The initiative aims to launch a cycle of biennial exhibitions, dedicated to some of the protagonists of the history of art, with relevant civil commitment, who have played the role of game changers for the world of art, thanks to their innovative contributions. Emilio Vedova is definitely one of them. His work is indeed interpreter and witness of our society.

Vedova’s topicality lies in the universal contents of his painting or, more simply, in his message. Values rooted in his essential self in dialogue with history, understood as living in the present — being “on the inside of things” — and daily engaging with its conflicts and contradictions.

History regularly punctuated his life, exerting alternately stronger and milder pressures on it, the steady basso continuo of an adventure that seamlessly united man and artist.
History as the breath and lungs of his art, marching in unison with his battles for civil rights, with his pacifism,against the ideological duplicity and the violence of dictatorships,his pressing for change, his defence of Venice, for due care of its ancient monuments, and much besides.

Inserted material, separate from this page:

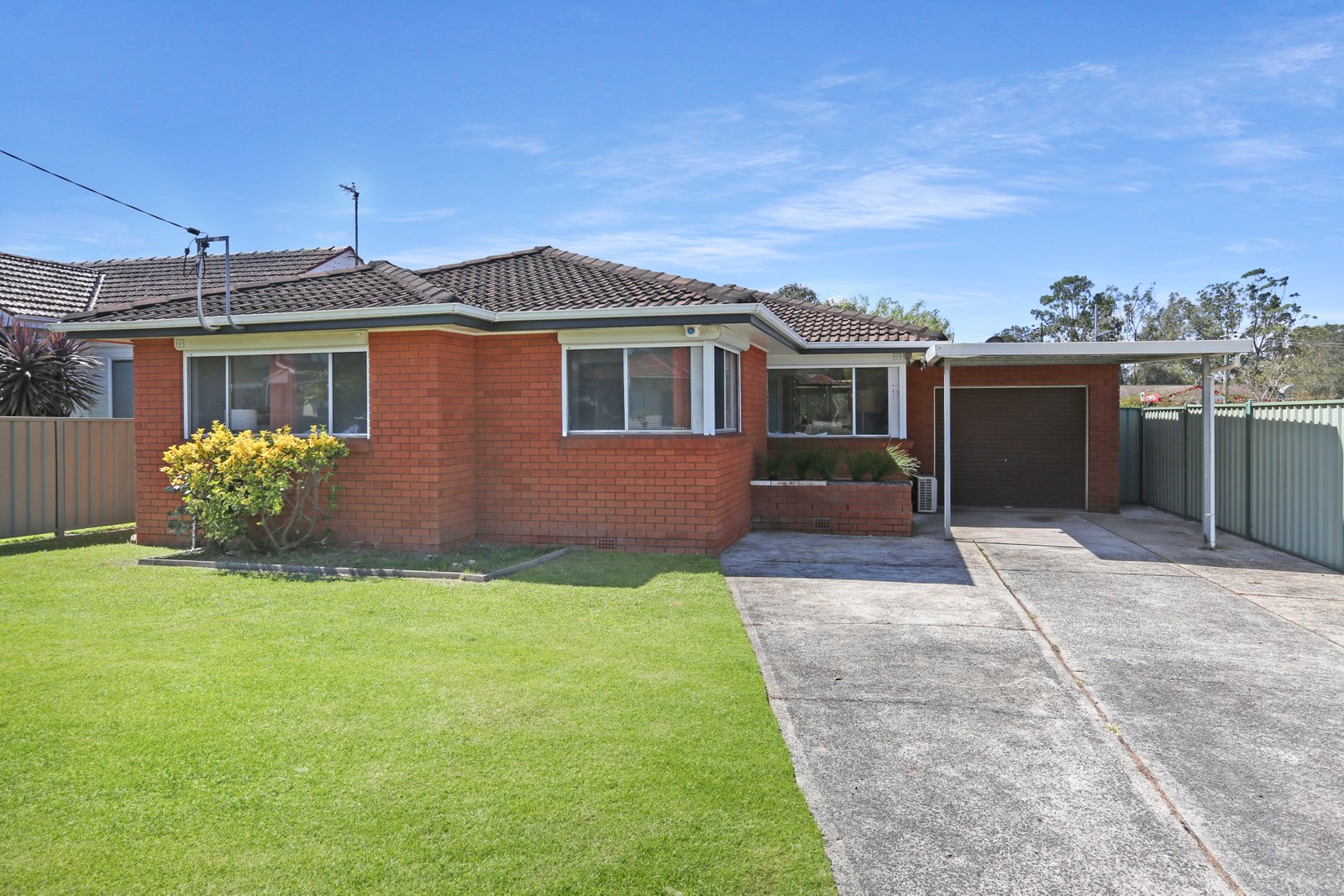 15 Kundle Street DAPTO 1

Vedova is a contemporary who still inspires us: in his life as in his art, he combined ethics and aesthetics, placing man at the centre of his speculations. In tune with the
infinite constellations of the universe, he revolutionised painting with his highly original approach, was recognised from the 1950s onwards by the greatest international
critics, passionately took his teaching to young people, filling them with new ideas, responsibility and hope. An artist who still poses questions today, alongside the best of our age.”

Gabriella Belli, curator

BIOGRAPHY
Born in Venice in 1919 into a family of workers and artisans, from the 1930s onwards Emilio Vedova began an intense activity as a self-taught artist. In 1942 he joined the anti-Novecento movement known as Corrente.

An anti-Fascist, he participated to the Resistance from 1944 to 1945 and in 1946, he was one of the co-signers of the “Oltre Guernica” manifesto in Milan. In the same year he was one of the founders of the Nuova Secessione Italiana followed by the Fronte Nuovo delle Arti. In 1948 he made his debut in the Venice Biennale, the first of many appearances in this event: in 1952 an entire room was devoted to his work, in 1960 he was awarded the Grand Prize for Painting and in 1997 the Golden Lion award for Lifetime Achievement.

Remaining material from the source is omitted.